Jim Ratcliffe couldn’t resist commissioning an off-roader inspired by the original Defender. Making a fuel cell version will require convincing.

(Bloomberg) — Toyota Motor Corp. is struggling. Hyundai Motor Co. is having a hard time.

Could a company that produces around 400,000 metric tons of hydrogen a year — comparable to 2 billion liters of diesel — be the one to find success with fuel cell vehicles?

Ineos Group is giving it a whirl, though even the petrochemicals behemoth is increasingly concerned that policymakers in the UK and Europe aren’t willing to get on board.

The closely held multinational has built a hydrogen-powered version of the Ineos Grenadier, the rugged sport utility vehicle born out of its billionaire owner Jim Ratcliffe seeing an opening when Land Rover retired the original Defender.

The Grenadier Demonstrator has a lot going for it: BMW AG’s latest hydrogen fuel cell powertrain, a chief engineer who developed G-Wagons while at Mercedes-Benz Group AG, and the capability to climb mountains like conventional gas and diesel-burning versions — but without the emissions. Electric drive units that deliver torque vectoring to each wheel will make summiting otherwise treacherous terrain a cinch.

Still, Ineos Automotive was more optimistic about fuel cell vehicles being part of the mix when it embarked on the project a year ago than it is today. In an interview ahead of the SUV’s debut at the Goodwood Festival of Speed, Chief Executive Officer Lynn Calder said policymakers are “picking horses” and seem to want to go all-in on battery-electric vehicles.

“Whether it’s futile or not, I’m going to use our demo this year, I’m going to get out and I’m going to meet people, and I’m going to show them,” she said. “I’m going to keep on banging my already quite hackneyed drum, which is to say there is no one fix.”

Read More: Why Hydrogen Is the Hottest Thing in Green Energy

The government officials Ineos is having a hard time convincing aren’t alone in their skepticism. BloombergNEF removed fuel cell models from the passenger car portions of its annual Electric Vehicle Outlook report published last month, citing their lack of traction. “We will revisit this topic if and when fuel cell vehicles hit 0.1% of global passenger vehicle sales,” BNEF analysts wrote.

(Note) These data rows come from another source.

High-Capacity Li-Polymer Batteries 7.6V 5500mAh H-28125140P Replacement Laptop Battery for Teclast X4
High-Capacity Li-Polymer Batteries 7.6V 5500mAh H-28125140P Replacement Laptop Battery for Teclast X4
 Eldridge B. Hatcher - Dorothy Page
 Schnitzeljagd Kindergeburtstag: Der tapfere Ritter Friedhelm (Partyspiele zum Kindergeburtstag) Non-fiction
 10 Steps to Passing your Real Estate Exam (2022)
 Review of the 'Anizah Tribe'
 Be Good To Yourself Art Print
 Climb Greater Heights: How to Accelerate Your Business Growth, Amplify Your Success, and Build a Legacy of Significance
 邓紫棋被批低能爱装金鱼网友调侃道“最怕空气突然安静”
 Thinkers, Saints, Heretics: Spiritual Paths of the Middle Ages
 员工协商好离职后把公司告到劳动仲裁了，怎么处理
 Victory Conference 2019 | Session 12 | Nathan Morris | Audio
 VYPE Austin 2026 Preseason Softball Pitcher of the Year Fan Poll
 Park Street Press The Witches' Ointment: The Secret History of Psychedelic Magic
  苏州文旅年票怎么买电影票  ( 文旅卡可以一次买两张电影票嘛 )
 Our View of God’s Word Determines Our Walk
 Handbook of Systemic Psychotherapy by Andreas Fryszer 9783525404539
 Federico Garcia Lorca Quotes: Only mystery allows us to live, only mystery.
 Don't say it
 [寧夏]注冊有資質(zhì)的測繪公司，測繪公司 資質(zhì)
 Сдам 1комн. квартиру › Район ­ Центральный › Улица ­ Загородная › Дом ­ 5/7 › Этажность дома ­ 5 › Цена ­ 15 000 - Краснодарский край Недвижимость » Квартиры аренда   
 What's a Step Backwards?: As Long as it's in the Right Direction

Europe’s biggest operator of the electrolyzers that make hydrogen from water takes a different view. While Ineos has a smaller battery-electric SUV coming in 2026, it’ll be a better fit for taking shorter trips around town.

A fuel cell Grenadier, on the other hand, will be well suited for longer journeys and better able to handle heavy payloads — that is, if enough hydrogen refueling infrastructure gets set up.

Ineos isn’t sitting on its hands, having committed years ago to investing more than €2 billion ($2.2 billion) in new production of green hydrogen across Europe. It’s part of a trial project attempting to repurpose natural gas pipelines to distribute hydrogen along the Scottish coast.

But before Ineos commits to moving forward with a fuel cell vehicle, the company is looking for green shoots that governments are willing to invest in and incentivize getting the market off the ground.

“I’m not just going to sort of whinge without offering to be part of the solution,” Calder said. “There’s no point in talking about us having this unique view of the industry from a hydrogen perspective if we’re not prepared to put our money where our mouth is. We are, but this is such a massive take-on.”